Se lo SPLA porterà a termine il programma che ha preparato e firmato – rimuovendo tutti i bambini soldato dalle milizie e impegnandosi a dar loro un’istruzione e delle opportunità di formazione – il paese potrebbe essere cancellato dalla lista dell’Unicef tra due anni.

Ma per i bambini soldato il processo di reintegrazione potrebbe richiedere molto più tempo, quello necessario per cominciare la scuola e acquisire le competenze che daranno loro le opportunità per vivere al di fuori delle caserme.

Il processo inizierà, secondo Fatuma H. Ibrahim, direttrice dell’unità di protezione dell'infanzia dell’UNICEF nel Sudan meridionale, assicurando il rilascio formale di tutti i bambini soldato. Nell’andarsene, saranno dati loro abiti civili perché “quello che è militare rimane con i militari,” ha affermato.
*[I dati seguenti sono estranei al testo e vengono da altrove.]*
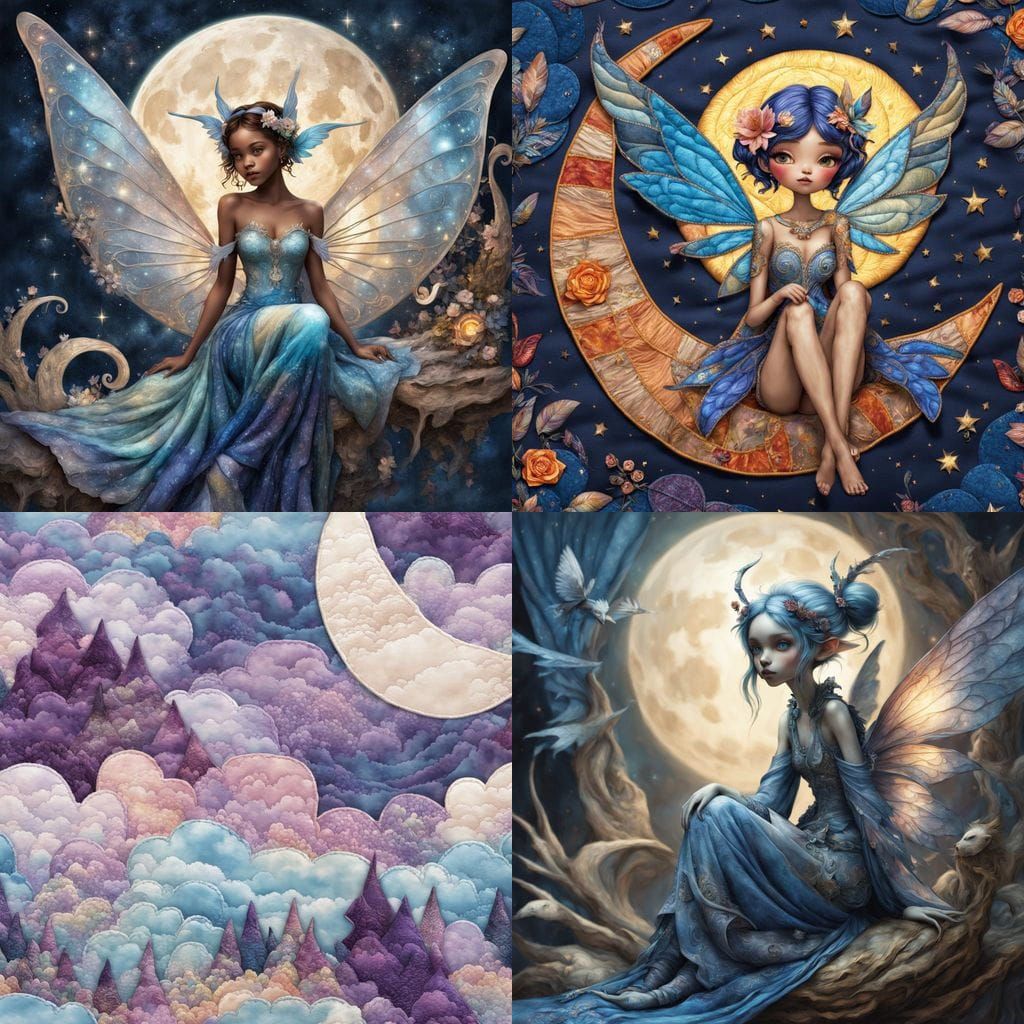 Realistic Pixie Crafted from Vibrant Patchwork Fabrics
I giovani, di età compresa tra i 12 e i 18 anni, saranno sottoposti a incontri di terapia di gruppo con degli assistenti sociali per provare a capire come sono entrati a far parte delle milizie e parlare delle violenze che potrebbero aver subito.

Ibrahim ha dichiarato che circa l’1 per cento di loro “avrà bisogno di un trattamento clinico”, sebbene le loro possibilità siano limitate in un paese con scarse risorse psichiatriche. “È un grosso problema. Alla maggior parte di loro vengono date delle pillole, ma questo è tutto”.

Anche i loro familiari incontreranno gli assistenti sociali per discutere della reintegrazione ed assicurarsi che i bambini vengano nuovamente accolti e scoraggiati dal tornare nelle milizie.

“I genitori devono essere preparati a riceverli,” ha detto Ibrahim. In alcune comunità del Sudan meridionale è prevista anche una cerimonia simbolica di transizione.

In un paese che ha conosciuto la guerra per più di due decadi, l’esercito è spesso una delle poche opportunità economiche praticabili per i ragazzi. Molti dei minori che l’UNICEF e i suoi collaboratori hanno sottratto ai gruppi armati avevano scelto questa strada proprio nella speranza di poter garantire la sicurezza finanziaria per sé e la propria famiglia.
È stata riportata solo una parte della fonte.